Министр культуры Екатерина Фурцева долго не позволяла постановку: кому нужен этот ваш безвольный и слабохарактерный датчанин, когда космические корабли бороздят просторы Большого театра? Спас очередной юбилей, которые всегда любили в России, – 400 лет со дня рождения (спасибо, что не смерти) Уильяма Шекспира. Но мадам министр требовала снимать в цвете, чтобы зритель как следует разглядел костюмы и декорации, на которые потрачены народные деньги. «Рамки надо бы побогаче», – как говорили в другом известном фильме.
Режиссёр Григорий Козинцев, который поначалу вообще планировал снимать актёров в современной одежде и, возможно, с сигаретами «Друг», дерзко проигнорировал распоряжение правительства.
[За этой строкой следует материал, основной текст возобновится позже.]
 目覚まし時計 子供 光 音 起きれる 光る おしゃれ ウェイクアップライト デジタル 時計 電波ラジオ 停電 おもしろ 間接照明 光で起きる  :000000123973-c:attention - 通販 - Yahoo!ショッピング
Благодаря его упорству восторжествовал строгий минимализм, театр светотеней, где всё выкручено до предельного контраста: чернота, из которой слеплена большая часть происходящего, и вклинивающийся между её слоями слепящий белый.
Макет замка Эльсинор строили в Эстонии, подальше от средней полосы, чтобы избежать любого намёка на славянское посконное и домотканое. Тяжёлые грозовые тучи и тревожные волны снимали на Баренцевом море. Дмитрий Шостакович, постоянно сотрудничавший с Козинцевым, написал мрачный музыкальный шторм, вторящий взрывам философских и драматических сверхновых в космосе «Гамлета» и сбивающий с ног всех, кого не успел по какой-то причине добить видеоряд и актёрская игра.
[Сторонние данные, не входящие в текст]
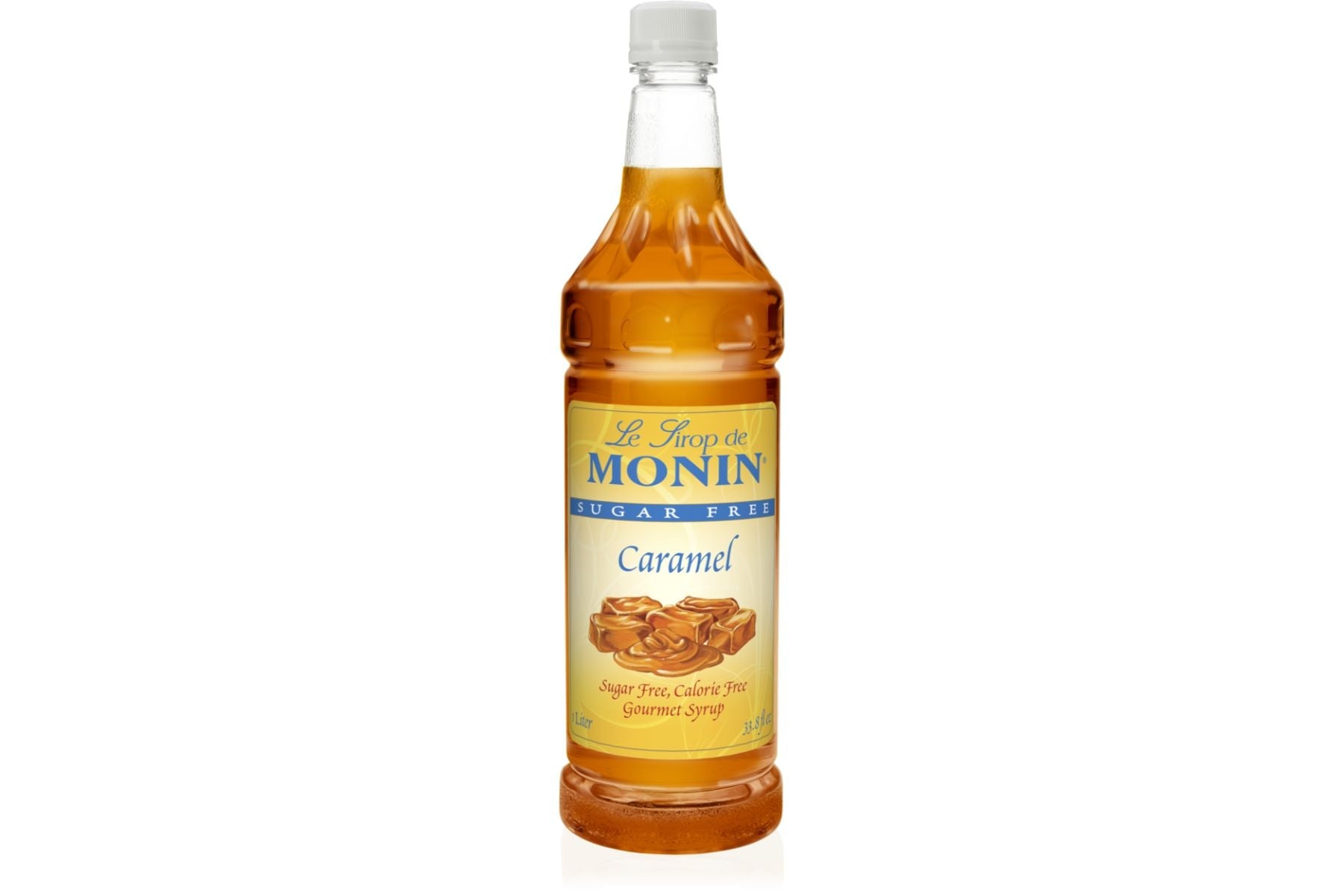Monin  Sugar Free Flavored Syrups - 1L Plastic Bottle: Caramel (Sugar Free)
Юная Анастасия Вертинская героически лежала утопленницей в ледяной ноябрьской воде, едва не схватив воспаление лёгких. Относительно начинающий артист Иннокентий Смоктуновский раздражал режиссёра тем, что постоянно уходил куда-то в себя. Зато потом, когда вышел и открыл рот, фильм моментально получил международную известность, хотя многие до сих жалуются, что принц датский получился нервным ленинградским интеллигентом 60-х годов.
Козинцев впоследствии передумал раздражаться на Смоктуновского и писал: «Он поражает меня загадочностью своего творческого процесса – его нельзя объяснить. С ним нельзя работать, как с другими актёрами, его нельзя подчинить логикой, ему надо дать жить».
Жизнь Смоктуновского в «Гамлете» принесла актёру международное признание, пародийную роль в комедии «Берегись автомобиля» Эльдара Рязанова и почётную обязанность сыграть Ленина следующим пунктом в фильмографии. Ленина он честно отстрадал, после чего его оставили в покое и позволили нести свою природную странность высокого регистра туда, где требовались потусторонние глаза, а не строить коммунизм.
А «Гамлет»… Что «Гамлет»? Как все. Умер, похоронили, стал прахом. Стал бессмертным.
По всей видимости, если понятие кинематографического совершенства вообще существует, искать его надо именно среди этих ползущих под Шостаковича длинных теней.